I'm exhausted. Today's been full of ups and downs- but far more downs than ups. The sermon about Philip and the Ethiopian from Acts chapter 8 (verses 26-40) was a clear example of two men; one who loved the Lord and was quick in obedience to make a journey, and another man who wasn't clear on what the Bible was saying, made the ultimate outward expression of baptism. Neither man waited- they acted quickly.
As I understand it, the story can be broken down into the following points:
1. God sent an angel to speak to Philip, indicating he was supposed to go on a trip.
2. Philip didn't know what was going to happen on his trip, but he was obedient and immediately jumped into action anyway.
3. Philip met up with another man, and counseled him in the scriptures, sharing the story of Jesus Christ. This fellowship helped the Ethiopian grow in spirit and understanding.
4. The Ethiopian man immediately seized the opportunity for baptism. Philip was willing and the eunuch didn't delay.
Obedience, obedience, obedience.
Prior to the sermon, we ran a clip of a couple I know in our congregation. It was their testimony of going "all in" and trusting in the Lord with their tithing. It was amazing to hear about the struggles that these two have over come, and that the Lord has wholly restored them. They started their obedience to the Lord when the chips were down and He came through for them time and again. I was moved to tears.
If you've been following my blog for more than a week, you know that we'd signed up for "all in" as well. However, we removed our card for the program when it came time to write the check. It was payday and the bills were due, the cabinets were bare, the kids needed new clothes and shoes and it was already financially tight. Although it was something my spirit was screaming to do, we bailed on the program because by the numbers, tithing looked like complete and utter foolishness- it was hysterical on my spreasheet. We could tithe, but then we would literally have a couple of unpaid bills and less than our norm for food this month.
Instead of jumping in faith, I did what I've historically always done; clam up, become a grumpy, resentful and miserable miser. I was so close to carrying out my belief, but I couldn't let go and trust. Then things came apart.

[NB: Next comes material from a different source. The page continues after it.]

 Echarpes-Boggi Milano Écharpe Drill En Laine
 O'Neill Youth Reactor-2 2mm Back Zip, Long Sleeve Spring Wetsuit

Out Internet connection died. It was our wireless router, it simply gave up the ghost. Then, the expenses of food, house, car, utilities, kids' clothes and shoes took their toll. Then came the worry and stress over how to pay my son's "new" orthodontics bill, as well as a nice "thank you" gift we'd like to give our neighbor, who selflessly came and removed an unwanted tree from our front yard. Finally, our truck's rear window regulator broke, leaving the window stuck in the down position. It seems like no matter what we want to do (tithe), waves of financial problems keep beating us into the rocks.
It was simply more than I could handle today. I broke down and lost it. I SMS texted a friend of mine, asking for his help in "talking me down" from the ledge. I didn't expected him to call, but I'd hoped that he would. A few minutes later, the phone rang; it was the friend I'd contacted. He said he'd been reading his Bible, and the Lord placed it on his heart to call me. He didn't even look at my SMS text messages!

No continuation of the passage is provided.